[Assignment]: Return the following lines and nothing else: the one holding "Porsche Vibes: The" and all those after it in the records below, unchanged, minus any pictures.

Short text fragments from websites:

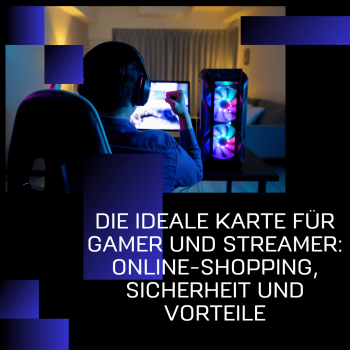 Die ideale Karte für Gamer und Streamer: Online-Shopping, Sicherheit und Vorteile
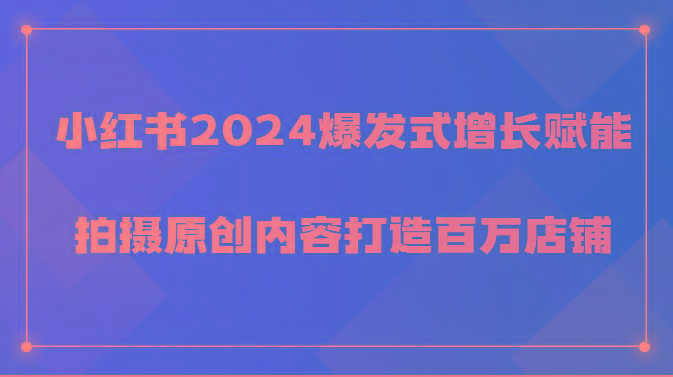 小红书2024爆发式增长赋能，拍摄原创内容打造百万店铺！-资源宝库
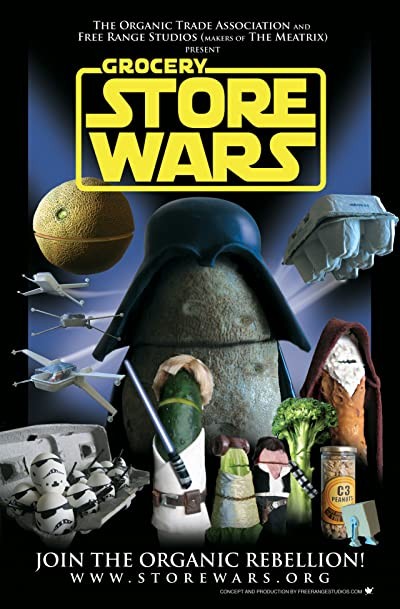 Grocery Store Wars: The Organic Rebellion (2006) afişi Grocery Store Wars: The Organic Rebellion (2006) afişi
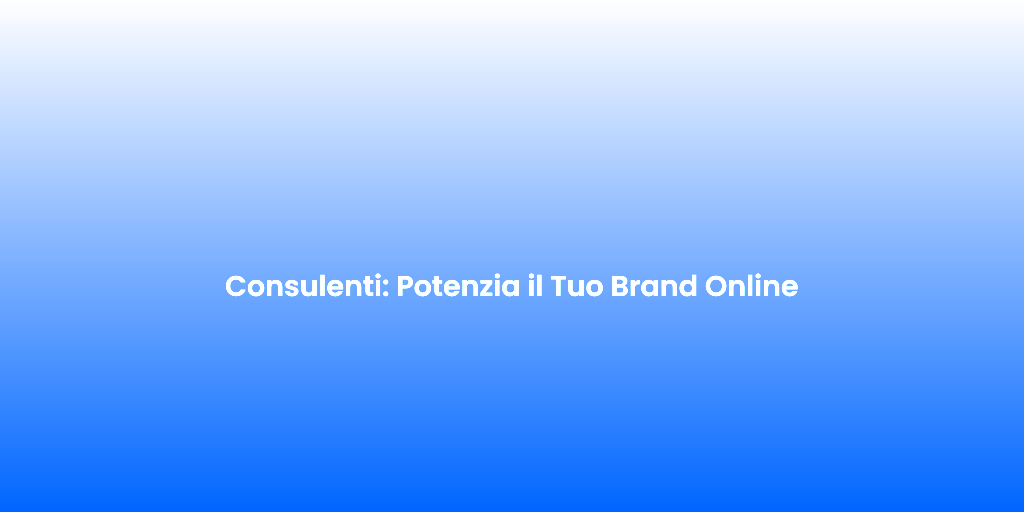 Consulenti Potenzia il Tuo Brand Online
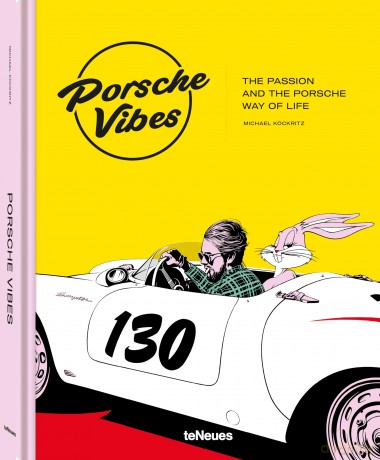Porsche Vibes: The Passion and the Porsche Way of Life - Michael Köckritz [KSIĄŻKA]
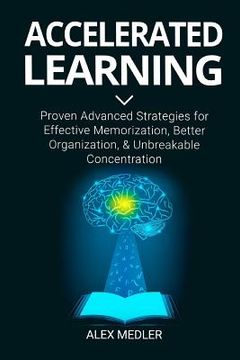 portada Accelerated Learning: Proven Advanced Strategies for Effective Memorization, Better Organization, and Unbreakable Concentration (en Inglés)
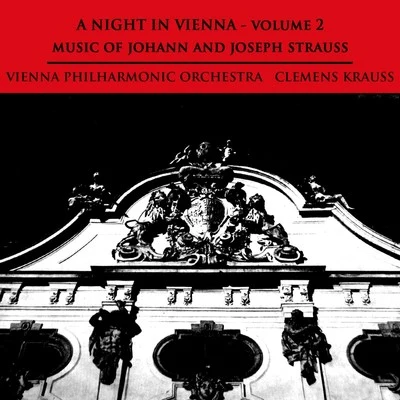 Clemens Krauss A Night in Vienna, Vol. 2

[Response to this task]:
Porsche Vibes: The Passion and the Porsche Way of Life - Michael Köckritz [KSIĄŻKA]
 portada Accelerated Learning: Proven Advanced Strategies for Effective Memorization, Better Organization, and Unbreakable Concentration (en Inglés)
 Clemens Krauss A Night in Vienna, Vol. 2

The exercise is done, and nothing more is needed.